Got a food craving? Check out these 4 tips to overcoming this common pitfall!
Tip #3: Keep Hydrated
Thirst can get mistaken for hunger, leading you to eat when you didn’t need to. Build a habit of drinking some water before and after each meal to make sure you’re getting enough. What’s an easy way to tell if you’re well hydrated? Check the colour of your urine. It should be pale yellow. Beware if you’re taking vitamin B supplements: excessive B2 (aka: riboflavin) can turn your urine a neon yellow colour (it’s otherwise harmless).
Tip #2: Practice Leaving Food on Your Plate
Many people who overeat do so partly because they have a tendency to finish everything on their plate, even when they’re no longer hungry. This is especially the case in restaurants, where the serving sizes can be twice or even three times the amount you normally might serve yourself. Give yourself permission to eat based on how much your body needs (not how much someone else decided you should have). Similarly, if you’re still hungry after eating a serving of food, then return for seconds.

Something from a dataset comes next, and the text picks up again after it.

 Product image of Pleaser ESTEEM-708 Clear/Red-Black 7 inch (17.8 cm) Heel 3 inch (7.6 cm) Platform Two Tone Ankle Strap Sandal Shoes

Do you eat out a lot? Check out my guide to healthier restaurant meals!
Tip #1: Prioritize Fibre & Protein
Eating foods that help keep you full for longer can crush food cravings that often lead to overeating. Two nutrients that’ll help you with exactly that are fibre and protein. The good news is they’re found in a variety of foods!
- Whole Grains: try whole grain bread, brown rice, barley, oats, millet, quinoa for lunch or dinner. Choose whole grain pasta, crackers, and cereals over refined versions.
- Nuts & Seeds: try a small handful of peanuts, sunflower seeds, pumpkin seeds, pistachios, cashews, or Brazil nuts when you’re feeling a little hungry.
- Legumes: try adding black beans, chickpeas, kidney beans to a salad, or boiling some edamame for a snack.
- Vegetables: add them to stir-frys, casseroles, pasta dishes, or steam and serve with a dip (like hummus or tzatziki).
- Fruits: try pomegranate, fuyu fruit, kiwi, and berries! Explore ones you’ve never tried yet!
- Whole grains: it might surprise you that most whole grains contain moderate amounts of protein, another reason to add them to your meals often!
- Meats: Choose lean cuts of chicken, beef, or pork. Season with herbs such as thyme, rosemary, or oregano. Marinate them with soy sauce, sesame oil, and ginger for an Asian flavour. Or go Mexican by adding ground cumin, chili powder, and garlic powder.
- Nuts: Like legumes, these do double duty! So tap into nut power if you haven’t tried it yet! I also like using peanut butter as a dip for apple slices or bananas.
- Legumes: tofu and soy milk are good sources of protein. Or substitute some meat with red lentils in sloppy Joes, shepherd’s pie, meatloaf, or chili.
- Fish & Seafood: canned salmon or tuna is a convenient source of protein anytime of the day. Trout is a great choice that’s high in heart healthy omega 3s. Bake it with dill and lemon in a 350F oven until the flesh is flaky for a quick and delicious supper.
- Milk & Dairy: Choose a moderate to low fat version of products such as milk or yogurt. If you’re eating cheese (low fat or regular fat), make sure to portion control– aim for an amount about the size of 3 standard dice. Products like sour cream, cream cheese, ice cream, and frozen yogurt usually have too much fat and / or sugar to be considered a nutritious choice.
Taking consistent steps towards healthy eating can help you build habits that become second nature. Any action, no matter how small or imperfect, is a move on the right path. It might be challenging to trust yourself when it comes to making decisions around food right now. Keep working on it, and you will notice small but significant changes over time. I wish you the best on your healthy eating journey!